● EXERCISE PROMPT:
Go through the data from its first line and retype each line, stopping once the line containing "Weiß Gebraucht 2022" has been retyped.

BEGIN DATASET RECORDS

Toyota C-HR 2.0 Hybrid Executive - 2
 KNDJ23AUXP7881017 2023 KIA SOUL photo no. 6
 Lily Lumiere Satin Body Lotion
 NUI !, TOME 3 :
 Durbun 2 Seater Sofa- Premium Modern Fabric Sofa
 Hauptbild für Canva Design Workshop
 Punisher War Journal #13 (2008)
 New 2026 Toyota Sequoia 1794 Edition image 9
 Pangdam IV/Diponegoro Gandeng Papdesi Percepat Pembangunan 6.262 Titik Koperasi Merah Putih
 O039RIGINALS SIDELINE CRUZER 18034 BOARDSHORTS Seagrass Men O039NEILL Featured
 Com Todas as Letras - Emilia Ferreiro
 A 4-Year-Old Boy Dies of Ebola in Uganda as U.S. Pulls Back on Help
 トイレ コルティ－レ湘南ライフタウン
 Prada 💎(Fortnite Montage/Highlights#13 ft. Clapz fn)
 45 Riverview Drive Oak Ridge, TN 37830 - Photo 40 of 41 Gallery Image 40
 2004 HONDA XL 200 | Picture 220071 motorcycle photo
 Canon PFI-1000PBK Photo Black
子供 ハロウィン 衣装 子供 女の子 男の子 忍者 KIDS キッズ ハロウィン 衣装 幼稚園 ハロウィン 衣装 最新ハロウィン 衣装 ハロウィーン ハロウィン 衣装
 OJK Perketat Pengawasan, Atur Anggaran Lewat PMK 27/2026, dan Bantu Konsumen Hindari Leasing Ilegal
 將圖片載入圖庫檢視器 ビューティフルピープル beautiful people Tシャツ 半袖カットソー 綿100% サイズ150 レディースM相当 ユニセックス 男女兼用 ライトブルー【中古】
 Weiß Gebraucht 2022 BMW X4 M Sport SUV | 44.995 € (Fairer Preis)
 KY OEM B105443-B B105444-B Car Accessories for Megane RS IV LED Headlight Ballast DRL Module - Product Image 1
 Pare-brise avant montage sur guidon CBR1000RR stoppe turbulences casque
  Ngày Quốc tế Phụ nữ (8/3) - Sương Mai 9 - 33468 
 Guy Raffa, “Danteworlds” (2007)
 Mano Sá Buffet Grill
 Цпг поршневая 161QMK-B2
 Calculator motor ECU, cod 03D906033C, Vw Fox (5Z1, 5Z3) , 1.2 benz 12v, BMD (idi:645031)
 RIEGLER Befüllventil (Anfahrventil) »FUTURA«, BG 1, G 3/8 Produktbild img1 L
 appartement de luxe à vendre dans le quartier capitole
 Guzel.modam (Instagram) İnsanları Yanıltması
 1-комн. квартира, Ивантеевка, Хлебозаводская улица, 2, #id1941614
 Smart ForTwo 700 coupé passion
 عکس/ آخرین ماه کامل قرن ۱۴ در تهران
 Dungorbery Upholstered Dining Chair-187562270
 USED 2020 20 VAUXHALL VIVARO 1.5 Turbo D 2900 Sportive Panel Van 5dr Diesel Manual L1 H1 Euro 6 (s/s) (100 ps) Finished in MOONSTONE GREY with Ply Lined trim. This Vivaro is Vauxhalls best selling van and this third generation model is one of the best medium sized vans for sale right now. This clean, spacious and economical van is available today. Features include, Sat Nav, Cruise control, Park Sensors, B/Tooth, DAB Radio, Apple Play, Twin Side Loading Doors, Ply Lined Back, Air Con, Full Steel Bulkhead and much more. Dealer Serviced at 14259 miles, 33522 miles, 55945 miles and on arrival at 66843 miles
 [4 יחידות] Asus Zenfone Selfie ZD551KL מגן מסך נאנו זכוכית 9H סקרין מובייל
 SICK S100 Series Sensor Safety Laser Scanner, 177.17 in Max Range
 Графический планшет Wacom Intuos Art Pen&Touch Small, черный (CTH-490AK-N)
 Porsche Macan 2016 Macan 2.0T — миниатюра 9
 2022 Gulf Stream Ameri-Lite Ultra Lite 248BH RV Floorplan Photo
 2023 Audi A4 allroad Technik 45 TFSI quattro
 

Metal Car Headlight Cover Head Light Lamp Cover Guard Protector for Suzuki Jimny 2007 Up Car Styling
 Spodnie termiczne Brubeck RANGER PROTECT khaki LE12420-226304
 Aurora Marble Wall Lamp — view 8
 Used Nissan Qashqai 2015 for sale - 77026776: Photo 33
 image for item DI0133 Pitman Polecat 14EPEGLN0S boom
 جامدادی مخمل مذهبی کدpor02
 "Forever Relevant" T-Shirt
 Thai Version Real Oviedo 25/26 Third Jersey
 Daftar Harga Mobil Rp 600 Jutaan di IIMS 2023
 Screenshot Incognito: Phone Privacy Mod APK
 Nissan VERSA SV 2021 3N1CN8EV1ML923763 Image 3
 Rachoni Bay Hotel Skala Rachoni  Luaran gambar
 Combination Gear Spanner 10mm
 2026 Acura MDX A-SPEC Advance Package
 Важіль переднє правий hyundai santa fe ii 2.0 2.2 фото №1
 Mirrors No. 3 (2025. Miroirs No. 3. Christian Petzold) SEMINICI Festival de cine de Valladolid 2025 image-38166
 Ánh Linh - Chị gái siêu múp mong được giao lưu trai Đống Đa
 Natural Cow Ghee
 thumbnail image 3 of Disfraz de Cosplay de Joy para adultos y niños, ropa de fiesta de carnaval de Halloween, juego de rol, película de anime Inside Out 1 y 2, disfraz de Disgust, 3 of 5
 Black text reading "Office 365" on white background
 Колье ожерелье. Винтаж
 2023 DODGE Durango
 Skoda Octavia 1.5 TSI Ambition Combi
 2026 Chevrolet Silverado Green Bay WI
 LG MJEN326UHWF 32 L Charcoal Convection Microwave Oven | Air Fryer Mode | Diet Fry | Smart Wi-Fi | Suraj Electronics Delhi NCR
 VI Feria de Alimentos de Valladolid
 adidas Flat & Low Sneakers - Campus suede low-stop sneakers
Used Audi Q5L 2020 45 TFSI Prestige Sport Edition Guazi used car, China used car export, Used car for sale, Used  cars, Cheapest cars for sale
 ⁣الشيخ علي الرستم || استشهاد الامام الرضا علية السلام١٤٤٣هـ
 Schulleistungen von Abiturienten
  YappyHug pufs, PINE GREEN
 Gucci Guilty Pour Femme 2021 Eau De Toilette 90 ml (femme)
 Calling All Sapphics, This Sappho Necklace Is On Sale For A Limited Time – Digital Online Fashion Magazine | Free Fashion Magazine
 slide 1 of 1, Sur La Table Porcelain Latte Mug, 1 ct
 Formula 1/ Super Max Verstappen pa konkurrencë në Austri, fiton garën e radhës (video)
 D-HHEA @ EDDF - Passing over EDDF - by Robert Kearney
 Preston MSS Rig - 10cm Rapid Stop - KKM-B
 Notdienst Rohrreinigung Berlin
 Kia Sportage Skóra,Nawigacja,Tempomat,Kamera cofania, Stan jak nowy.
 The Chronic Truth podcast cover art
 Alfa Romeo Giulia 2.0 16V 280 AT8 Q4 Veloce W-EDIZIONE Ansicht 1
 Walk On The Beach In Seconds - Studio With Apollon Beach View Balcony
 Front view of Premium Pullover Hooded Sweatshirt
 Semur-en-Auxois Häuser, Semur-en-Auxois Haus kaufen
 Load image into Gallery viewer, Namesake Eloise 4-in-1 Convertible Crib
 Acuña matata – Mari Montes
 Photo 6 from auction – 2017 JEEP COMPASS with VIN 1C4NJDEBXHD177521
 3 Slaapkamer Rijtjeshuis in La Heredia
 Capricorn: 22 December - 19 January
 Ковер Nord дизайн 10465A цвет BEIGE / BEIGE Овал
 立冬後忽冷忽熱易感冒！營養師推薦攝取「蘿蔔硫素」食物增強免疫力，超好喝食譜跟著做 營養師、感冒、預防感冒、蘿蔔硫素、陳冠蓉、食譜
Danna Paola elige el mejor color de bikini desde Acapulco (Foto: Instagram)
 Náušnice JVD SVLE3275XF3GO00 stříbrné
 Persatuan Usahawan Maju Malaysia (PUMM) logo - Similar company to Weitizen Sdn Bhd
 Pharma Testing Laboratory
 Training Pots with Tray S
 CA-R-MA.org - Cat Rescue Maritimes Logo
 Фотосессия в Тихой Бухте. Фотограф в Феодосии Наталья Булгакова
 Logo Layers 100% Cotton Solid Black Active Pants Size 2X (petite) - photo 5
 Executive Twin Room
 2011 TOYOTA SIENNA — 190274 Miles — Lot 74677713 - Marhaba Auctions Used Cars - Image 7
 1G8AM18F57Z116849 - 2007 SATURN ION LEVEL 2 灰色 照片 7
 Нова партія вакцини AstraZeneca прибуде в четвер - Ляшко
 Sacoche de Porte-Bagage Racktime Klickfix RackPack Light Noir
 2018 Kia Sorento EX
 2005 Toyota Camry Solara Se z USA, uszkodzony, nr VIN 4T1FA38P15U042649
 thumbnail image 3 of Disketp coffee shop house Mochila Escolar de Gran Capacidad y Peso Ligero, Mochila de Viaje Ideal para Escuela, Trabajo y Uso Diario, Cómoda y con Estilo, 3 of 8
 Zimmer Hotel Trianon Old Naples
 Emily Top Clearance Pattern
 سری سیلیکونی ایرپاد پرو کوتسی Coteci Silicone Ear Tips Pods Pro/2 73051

END DATASET RECORDS

● SOLUTION BELOW:
Toyota C-HR 2.0 Hybrid Executive - 2
 KNDJ23AUXP7881017 2023 KIA SOUL photo no. 6
 Lily Lumiere Satin Body Lotion
 NUI !, TOME 3 :
 Durbun 2 Seater Sofa- Premium Modern Fabric Sofa
 Hauptbild für Canva Design Workshop
 Punisher War Journal #13 (2008)
 New 2026 Toyota Sequoia 1794 Edition image 9
 Pangdam IV/Diponegoro Gandeng Papdesi Percepat Pembangunan 6.262 Titik Koperasi Merah Putih
 O039RIGINALS SIDELINE CRUZER 18034 BOARDSHORTS Seagrass Men O039NEILL Featured
 Com Todas as Letras - Emilia Ferreiro
 A 4-Year-Old Boy Dies of Ebola in Uganda as U.S. Pulls Back on Help
 トイレ コルティ－レ湘南ライフタウン
 Prada 💎(Fortnite Montage/Highlights#13 ft. Clapz fn)
 45 Riverview Drive Oak Ridge, TN 37830 - Photo 40 of 41 Gallery Image 40
 2004 HONDA XL 200 | Picture 220071 motorcycle photo
 Canon PFI-1000PBK Photo Black
子供 ハロウィン 衣装 子供 女の子 男の子 忍者 KIDS キッズ ハロウィン 衣装 幼稚園 ハロウィン 衣装 最新ハロウィン 衣装 ハロウィーン ハロウィン 衣装
 OJK Perketat Pengawasan, Atur Anggaran Lewat PMK 27/2026, dan Bantu Konsumen Hindari Leasing Ilegal
 將圖片載入圖庫檢視器 ビューティフルピープル beautiful people Tシャツ 半袖カットソー 綿100% サイズ150 レディースM相当 ユニセックス 男女兼用 ライトブルー【中古】
 Weiß Gebraucht 2022 BMW X4 M Sport SUV | 44.995 € (Fairer Preis)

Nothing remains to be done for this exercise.